How Hitler came to Power describes how, what amounted to a conspiracy of German military and industrial cliques, and in particular members of the pre-First World War Pan German League, manipulated Allied leaders and misrepresented the Treaty of Versailles to further their ambitions. It was they who created the conditions which let Hitler come to power.
Economic historian Sara Moore is the author of Peace without Victory for the Allies, 1918-1932 (Berg 1994). In her new book she skilfully details how America and the Allies failure to secure an ‘unconditional surrender’ allowed factions within the German ruling elites to portray their country’s military defeat as a stab in the back by weak liberal politicians.

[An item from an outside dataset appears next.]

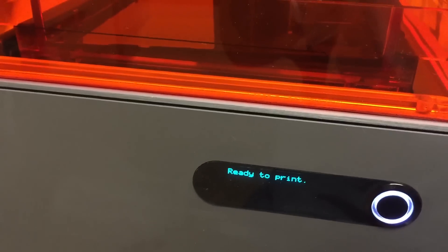There she is — it's hanging in there. Moving tank up. Ready to print. Let's take a look at it.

They shared beliefs in Bismarck’s legacy of ‘blood and iron’, the ideology of the ‘master race’ and Germany’s destiny as a world power.
Millions had voted for democracy and pacifism in 1928. This angered members of the Pan German League, such as newspaper magnate, Alfred Hugenberg and his former employer, Gustav Krupp. The pursued their nefarious schemes to undermine the Weimar Republic with zero regard for the human cost. Real Politik ruled. Moore reveals that Germany was world’s largest exporter in 1931 and its Reichsbank full of funds, when it pointed to the misery of its people and asked for a moratorium on its reparations payments. Foreigners worried about Germany’s huge number of unemployed and feared that the country would be overcome by Bolshevism but their fears were groundless because, unknown to them, Krupp had secretly concluded a contract in which he agreed to assist Stalin in modernising his armed forces provided that Stalin ordered the German Communists to vote with the extreme Right instead of the Left in the German Reichstag. Krupp also helped Stalin create and organise giant collectives to pay for his weaponry. Demoralised by taxation, mass unemployment and misinformation the German people finally lost their faith in democracy and in 1932 voted to support Hitler. Only a short time later Hindenburg allowed him to become dictator. Yet Krupp, Hugenberg and the Pan Germans who helped Hitler’s rise to power seem to have escaped censure for eighty years.